Description

“The thing I like about drawings is that they can float. You don’t think about gravity.”

Alison Wilding RA is best known for her multimedia sculptures, admired internationally for their unexpected interplay between material, form, and space. What is less well known is her drawing practice, which has developed parallel to her sculpture practice across a career spanning over four decades. Sculptors’ drawings are often marked by powerful forms that echo or accompany their sculptures in metal, stone, or wood. Wilding’s drawings are unique in how they revel in the freedom and pleasure of the ink, paint, and collage on paper, rather than fight with the limitations created by flatness, fragility, and scale. Her drawings are not weighed down by the laws of the physical world, and Wilding uses them to explore what objects cannot achieve. They are not drawings for sculpture; they are from another place entirely.

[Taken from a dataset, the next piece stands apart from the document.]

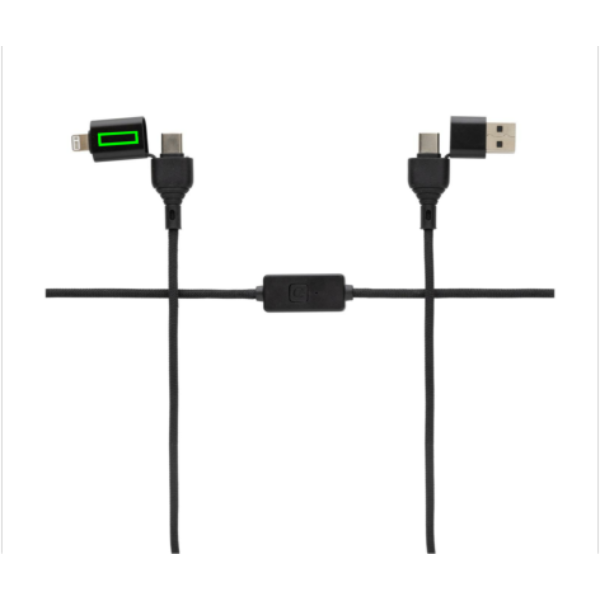 Datalock RCS recycled 60W hacking protection cable - Slika 7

Wilding’s drawings and sculpture have in common imaginativeness and inscrutability. Wilding has often said that with her work ‘what you see is what you get’. It would be more accurate to say that what you see is all you get from Wilding: the artist steps back to give each viewer the opportunity to experience the works with minimal backstory or interpretation. Shapes and lines abut each other, pitched in a perfectly balanced battle between hard and soft, empty and full, hidden and obvious. Encountering an Alison Wilding drawing is an invitation to a divination, deriving individual meaning from fugitive forms. For Wilding herself, drawing is an exercise in revelation. She generally works in series, following ideas and forms where they lead her.

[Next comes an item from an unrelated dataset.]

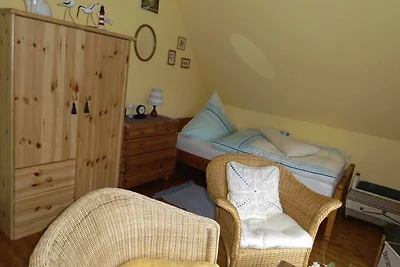 Vakantiehuis Ontspannende vakantie Balje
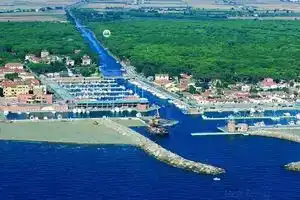 Camping Village Il Sole, Marina di Grosseto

By the Mark – and the Line below the Loaf brings together series of drawings from the last 30 years alongside a new monumental drawing made for the exhibition. The exhibition is the most extensive exhibition of Wilding’s drawings in a public gallery to date. It is accompanied by a display of small-scale sculpture, selected by the artist. A catalogue of Wilding’s drawings, ON PAPER, will be published by Ridinghouse in Autumn 2024.

The exhibition is curated by Prerona Prasad, Curator, The Heong Gallery.